John Notman (22 July 18103 March 1865) was a Scottish-born American architect, who settled in Philadelphia. He is remembered for his churches, and for popularizing the Italianate style and the use of brownstone.

Career
Notman was born on 22 July 1810 at Fernieside on the south edge of Edinburgh in Scotland. He was the son of David Notman, a mason and builder. He was educated at the Watt Institution in Edinburgh.

Around 1824 Notman joined his older cousin, William Notman to train as an architect in the office of William Henry Playfair in Edinburgh prior to emigrating to the United States in 1831. He eventually settled in Philadelphia, where one of his first commissions was Laurel Hill Cemetery in 1835.   He later opened and operated a successful firm until his death in 1865.  Notman was also a founding member of the American Institute of Architects and was committed to establishing professionalism in the practice of architecture in the United States.

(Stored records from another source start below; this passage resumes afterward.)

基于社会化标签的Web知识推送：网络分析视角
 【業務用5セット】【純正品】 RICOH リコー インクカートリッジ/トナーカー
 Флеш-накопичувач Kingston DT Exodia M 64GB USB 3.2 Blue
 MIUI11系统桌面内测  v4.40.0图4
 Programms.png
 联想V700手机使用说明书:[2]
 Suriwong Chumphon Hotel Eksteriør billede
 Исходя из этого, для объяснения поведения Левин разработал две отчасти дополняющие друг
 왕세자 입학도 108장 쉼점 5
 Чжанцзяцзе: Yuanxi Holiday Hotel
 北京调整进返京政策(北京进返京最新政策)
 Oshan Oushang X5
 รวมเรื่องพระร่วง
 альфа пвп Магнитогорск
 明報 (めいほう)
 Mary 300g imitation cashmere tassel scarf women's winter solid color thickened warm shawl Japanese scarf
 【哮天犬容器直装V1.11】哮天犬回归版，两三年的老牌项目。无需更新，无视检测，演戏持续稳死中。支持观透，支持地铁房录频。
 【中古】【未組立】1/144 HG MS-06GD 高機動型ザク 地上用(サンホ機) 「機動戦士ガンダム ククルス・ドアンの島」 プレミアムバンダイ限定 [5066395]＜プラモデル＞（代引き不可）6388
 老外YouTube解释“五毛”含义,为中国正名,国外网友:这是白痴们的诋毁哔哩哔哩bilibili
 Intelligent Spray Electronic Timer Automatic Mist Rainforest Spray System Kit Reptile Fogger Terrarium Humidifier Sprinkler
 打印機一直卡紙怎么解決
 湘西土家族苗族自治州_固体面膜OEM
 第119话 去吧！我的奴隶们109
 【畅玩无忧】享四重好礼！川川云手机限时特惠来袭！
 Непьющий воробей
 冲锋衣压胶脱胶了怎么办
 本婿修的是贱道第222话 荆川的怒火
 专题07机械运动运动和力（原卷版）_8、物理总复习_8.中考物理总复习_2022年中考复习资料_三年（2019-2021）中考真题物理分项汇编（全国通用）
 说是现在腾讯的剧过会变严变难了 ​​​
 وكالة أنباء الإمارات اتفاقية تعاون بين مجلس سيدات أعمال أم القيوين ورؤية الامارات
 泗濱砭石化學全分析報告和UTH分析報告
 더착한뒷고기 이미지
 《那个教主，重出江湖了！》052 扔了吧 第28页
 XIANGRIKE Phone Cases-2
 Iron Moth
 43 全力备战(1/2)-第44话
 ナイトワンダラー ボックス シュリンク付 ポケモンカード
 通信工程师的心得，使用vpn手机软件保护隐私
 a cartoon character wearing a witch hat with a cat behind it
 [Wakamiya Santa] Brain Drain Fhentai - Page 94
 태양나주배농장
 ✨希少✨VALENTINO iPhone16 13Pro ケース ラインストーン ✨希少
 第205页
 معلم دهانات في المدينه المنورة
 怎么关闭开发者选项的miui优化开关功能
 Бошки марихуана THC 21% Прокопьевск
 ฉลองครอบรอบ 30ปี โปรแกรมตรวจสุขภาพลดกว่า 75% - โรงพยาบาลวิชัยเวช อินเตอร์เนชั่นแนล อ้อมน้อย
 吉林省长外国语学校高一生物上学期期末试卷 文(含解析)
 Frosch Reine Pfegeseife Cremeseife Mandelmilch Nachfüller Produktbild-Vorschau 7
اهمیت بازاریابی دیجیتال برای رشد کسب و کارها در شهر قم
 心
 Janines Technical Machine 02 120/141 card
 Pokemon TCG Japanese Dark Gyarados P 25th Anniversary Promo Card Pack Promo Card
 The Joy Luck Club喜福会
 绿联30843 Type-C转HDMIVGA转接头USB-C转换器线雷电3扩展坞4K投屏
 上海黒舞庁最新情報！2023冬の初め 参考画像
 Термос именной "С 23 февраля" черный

Notman is credited with introducing the Italianate style to America. "Riverside", his 1837-39 house in Burlington, New Jersey for Bishop G.W. Doane, was tremendously influential, and his 1845 Athenaeum of Philadelphia was the first Italianate building in his adopted city. Notman designed a number of suburban villas and country houses, including "Ogontz" (1863) for financier Jay Cooke.

Many of his designs for churches were dictated by the ideas of the Cambridge Camden Society who suggested that Anglican churches of the Low church variety should be built in the Romanesque style, while those of the High church variety be built in the Gothic style.  He was also briefly employed by the Roman Catholic Diocese of Philadelphia during construction of the Cathedral Basilica of Saints Peter and Paul until an argument over the terms of his contract resulted in his dismissal.

Notman was also the architect of the highly influential New Jersey State Lunatic Asylum in Trenton, New Jersey of 1847.  This building was the first example of the Kirkbride Plan in asylum design.

Notman also designed the Italianate gatehouse for Mount Vernon Cemetery in Philadelphia, Pennsylvania.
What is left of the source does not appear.